By now, you’re presumably familiar with the story of the new Land Rover Defender: the controversy over its looks, the debate over whether its unibody construction makes it unworthy of the Defender name, the fact that it’s become a pillar of the lineup with more variants planned. It was our choice for one of the most important vehicles to go on sale last year, and we stand by that decision with pride.
All of this, however, has largely been spearheaded by the four-door version that Land Rover rolled out first – the Defender 110. Getting that variant on the road (and off it) first makes sense; after all, two-door vehicles have been largely outré for Americans for some time, with coupes and convertibles drifting away year by year and even the original two-door Jeep Wrangler now being vastly outsold by its four-door sibling.

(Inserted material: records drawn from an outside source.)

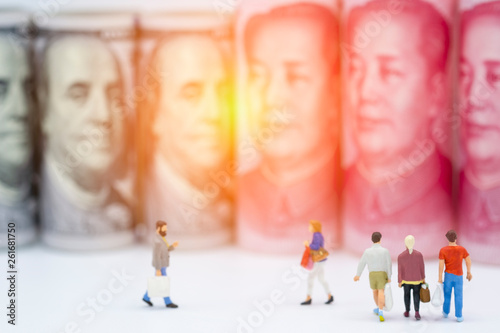 Shopping miniature figures with US dollar and China Yuan banknotes. After the 2 biggest increase tax for trade war which it effect to commerce and business.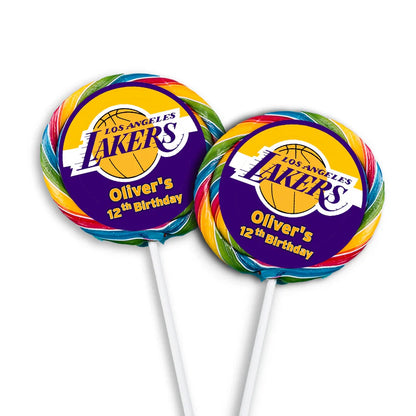 LA Lakers lollipop label with round purple and gold design applied to white lollipops in row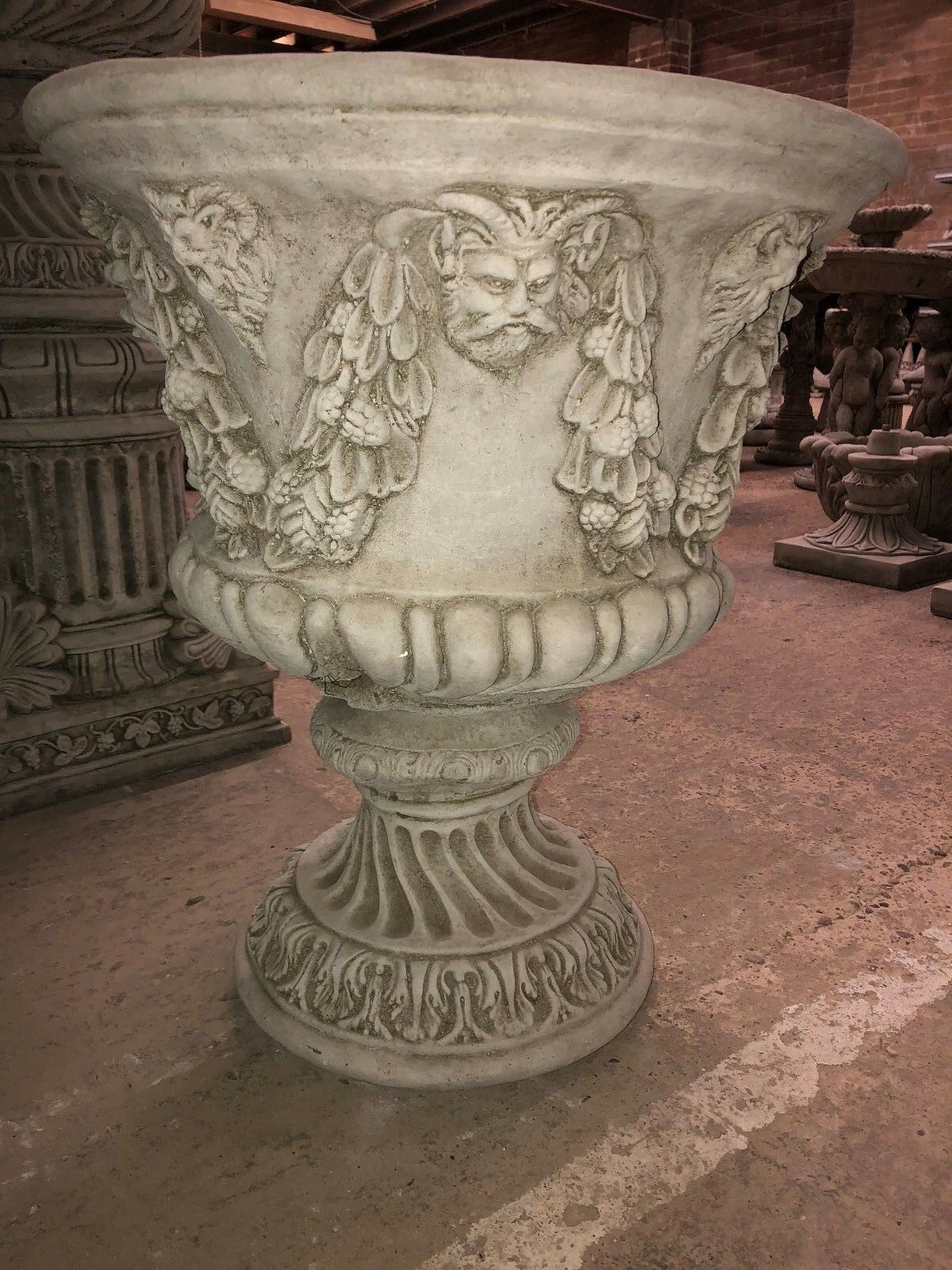 Close-up of Bacchus face and garland details on a stone urn planter, emphasizing its decorative and historical garden appeal.
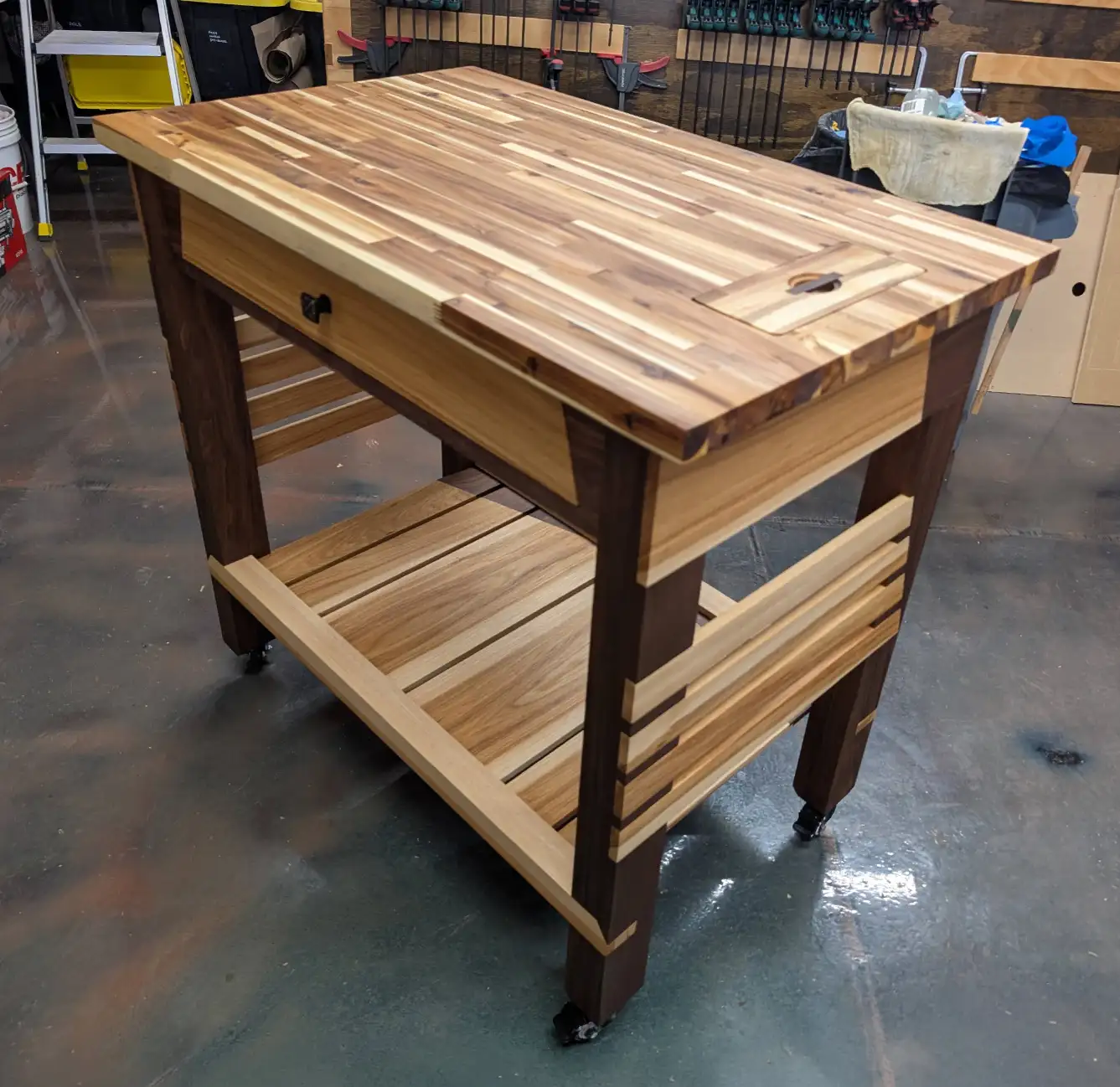 Rolling kitchen prep island with butcher block top, built-in drawer, lower storage shelf, and contrasting hardwood details.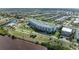 Beautiful aerial view featuring modern condos with a pool, lush landscaping, and a waterfront location at 1425 Park Beach Cir # 149, Punta Gorda, FL 33950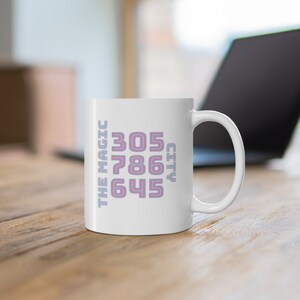 Puede incluir: Taza de cerámica blanca con un diseño rosa y azul. La taza presenta el texto "THE MAGIC CITY" y los números "305, 786, 645".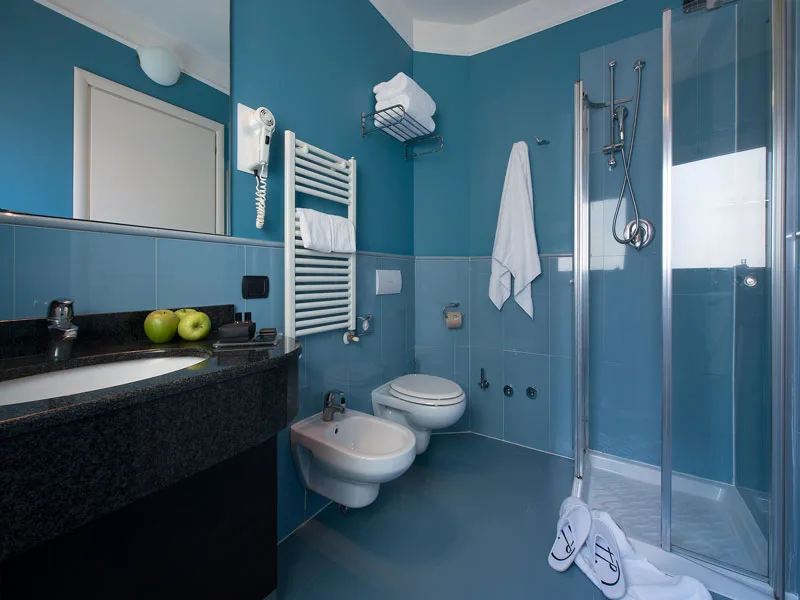 Bagno azzurro con doccia, lavabo in pietra scura, bidet e scaldasalviette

Still, for many people, the word Defender sounds best only when followed by the word Ninety. The Land Rover Defender’s ancestor, the original Series I, started out as a two-door short-wheelbase vehicle; the Defender 90 has carried on that tradition through the decades. And while today’s version might be vastly different from prior ones, it’s still very much true to that basic template of being a boxy two-door Land Rover.
Is the Defender 90 new?

More or less. The Defender 90 is the shorter, two-door version of the 110 that went on sale last year, but apart from the missing length, it’s effectively identical to that SUV — mechanically, electronically and design-wise in equal measure.